If $T$ is a linear map then $\|T(x)\|<\infty$

Question

Let $T:V\to W$ be a linear map, $V, W$ be vector spaces over $\mathbb{R}$ or $\mathbb{C}$. Then if $T$ is continuous at $x_0\in V$ then $\nu:=\sup\{\|Tx\|:x\in V, \|x\|\leq 1\}<\infty$.
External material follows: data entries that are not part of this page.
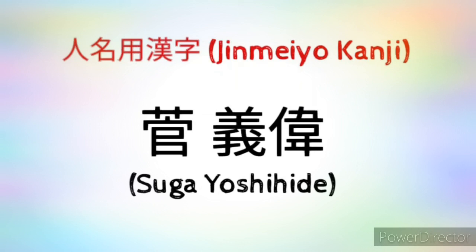Welcome friends to my channel. Today we will learn a few Jinmei Kanji characters, or Kanji used in the names of Japanese persons. The Jinmei Kanji we will learn today is of Mr. Suga Yoshihide, who is likely to become the next political leader of Japan.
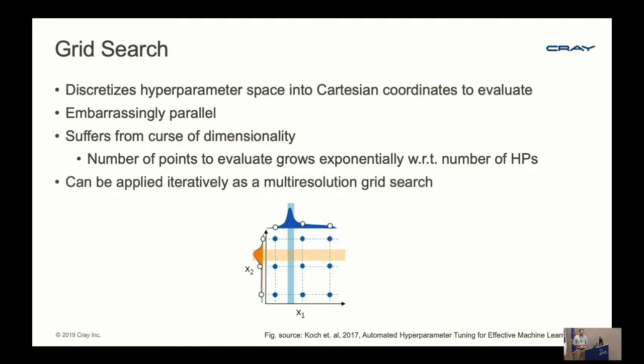If you do end up using grid search, you want to apply it in an iterative fashion known as multi-resolution grid search. For example, if a particular point did reasonably well, you would do a finer mesh of grid points around that point.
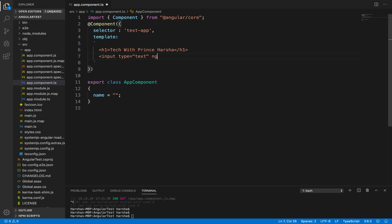To use the ngModel directive, it should be specified inside square brackets and parentheses. This will be equal to the name of the property we are declaring inside the app component class — that is 'name'.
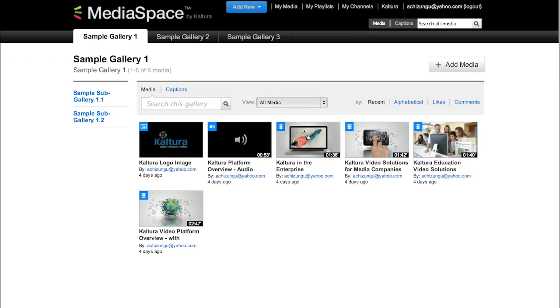Hello. In this tutorial, we will have a brief overview of MediaSpace, our flagship media application, also known as KMS.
I'm stuck with the proof. First of all, if $T$ is continuous at $x_0$, this implies that $T$ is continuous on $V$, correct? Do I need to prove that? I can prove this for the case when $T$ is continuous at $0$, but I'm not sure how to prove for a general $x_0$. Also, can someone please give me a hint what I should pay my attention to in order to realize that $\nu<\infty$? In my understanding, $\nu$ is the maximum norm of $T(x)$.

Answer 1

By Martin's argument, $T$ is continuous at 0. Thus if $x_n \to x$, then $x - x_n \to 0$, so $T(x - x_n) \to T(0) = 0$, so $T(x) - T(x_n) \to 0$, which implies $T(x_n) \to T(x)$.

To show boundedness in the operator norm $\nu$, suppose that $T$ is unbounded. Then there exists a sequence $\{x_n\}$ with $\|x_n\| = 1$, such that $\|T(x_n)\| \geq n$ for each $n$. Define \begin{align*} y_n \doteq \frac{x_n}{n} \end{align*} Then $\|y_n\| = 1/n \to 0$, so $y_n \to 0$, but \begin{align*} T(y_n) = \frac{1}{n}T(x_n) \Rightarrow \|T(y_n)\| = \frac{1}{n}\|T(x_n)\| \geq 1 \end{align*} for all $n$. But this is a contradiction since $T$ is continuous at $0$.

Answer 2

Assume that $T$ is continuous at $x_0$. If $x_n\to0$, then $x_n+x_0\to x_0$. By the continuity at $x_0$, $$ Tx_0+ Tx_n=T(x_0+x_n)\to Tx_0. $$ It follows that $Tx_n\to0$, so $T$ is continuous at $0$. We can use the same idea to deduce continuity at any other point.

Answer 3

Hint

Continuity at $x_0$ implies continuity at $0$. (Use linearity.)

Continuity at $0$ implies boundedness. (Use this to construct a bound for $\| Tv \|$.)